Tikiri
- Type: Weekly newspaper
- Owner: Independent Newspapers Limited
- Founded: 1963
- Language: Sinhala
- City: Colombo
- Country: Ceylon
- Sister newspapers: Chinthamini; Dawasa; Dinapathi; Gitanjali; Iranama; Rasakatha; Riviresa; Sawasa; Star; Sun; Sundari; Thanthi; Visitura; Weekend;

= Tikiri (Ceylonese newspaper) =

Sri Lankan Sinhala language newspaper

Tikiri was a Sinhala language weekly newspaper in Ceylon published by Independent Newspapers Limited, part of M. D. Gunasena & Company. It was founded on 1963 and was published from Colombo. In 1966 it had an average net sales of 12,500. It had an average circulation of 12,000 in 1973.

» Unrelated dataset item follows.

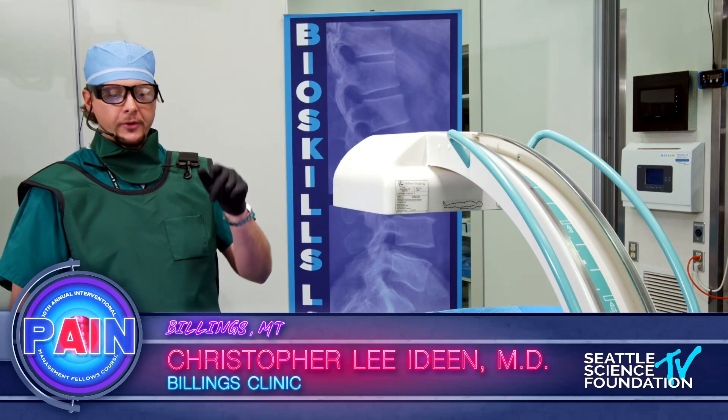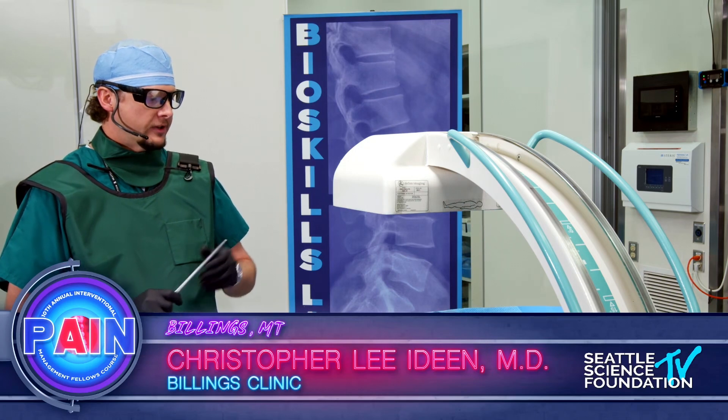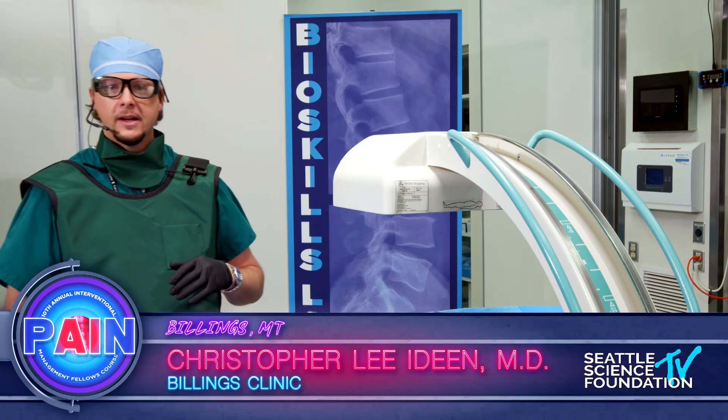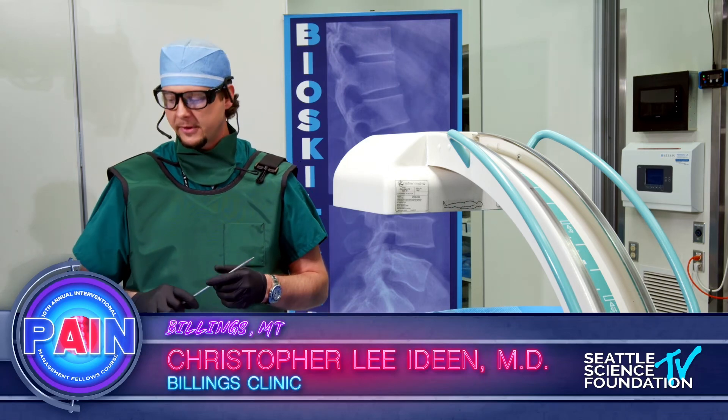I'm going to start off with a stimulator trial setup, and then Pradeek's going to come in and do more of the permanent installation process. We've got Eric and Teresa from Boston Scientific and Medtronic, respectively, with us.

By 1973/74 the Independent Newspapers publications had become vocal critics of Sirimavo Bandaranaike's government. The government sealed Independent Newspapers' presses and closed it down on 19 April 1974 using the Emergency (Defence) Regulations. Independent Newspapers resumed publication on 30 March 1977 but the three-year closure had taken its toll. Faced financial problems Independent Newspapers and its various publications closed down on 26 December 1990.